Ph.D., Columbia University
M.Arch, Columbia University
B.A. (First-Class Honours), McGill University
Inderbir Singh Riar is an architectural historian. He explores ways in which architects and bureaucrats have imagined the modern metropolis as producing ideal citizenries. This work has taken several forms including an extensive survey of Toulouse-Le Mirail, the consequential French ville nouvelle built in the 1960s; the project was done in collaboration with the Paris-based photographer Mark Lyon and supported by a grant from the Graham Foundation for Advanced Studies in the Fine Arts. Recent research includes a look at ideologies of “reconstruction” in West Germany and how cities were perceived as sites of democratic sentiment in the aftermath of war, occupation, and fascism. A larger interest in postwar architecture culture also informs studies on Canadian modernism.

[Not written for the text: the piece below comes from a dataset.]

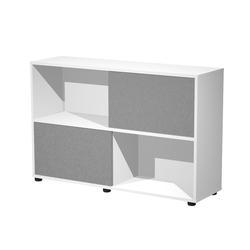 LIBRERIA media metal + arm. basso rovere/antracite/rovere/str.bianca ESSENCE
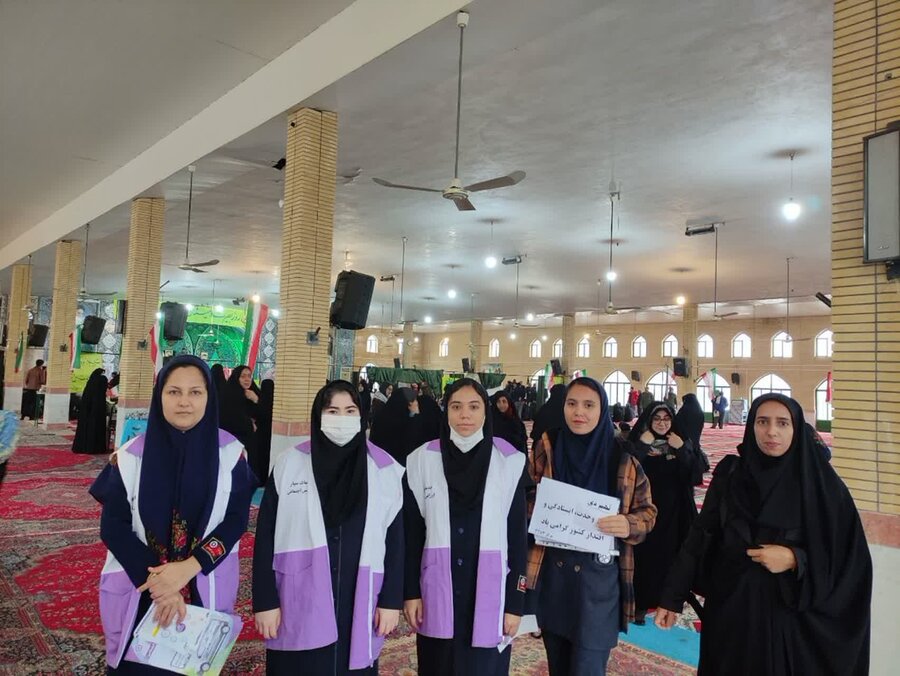 کلاله | استقرار خودرو و حضور گشت سیار اورژانس اجتماعی بهزیستی در مراسم حماسی نهم دی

Riar is currently preparing a book (forthcoming 2018) on the vast intellectual program of Expo 67 and the manner in which architects engaged questions of civic identity and nation-state power. In 2013, Riar was invited by The Japan Foundation to participate in the Japan-U.S. Curator Exchange Program. In 2017, he joined the Board of Directors of the Diefenbunker, Canada’s Cold War Museum in Carp, Ontario. Riar’s writings appear in books and journals, and he has lectured in universities worldwide.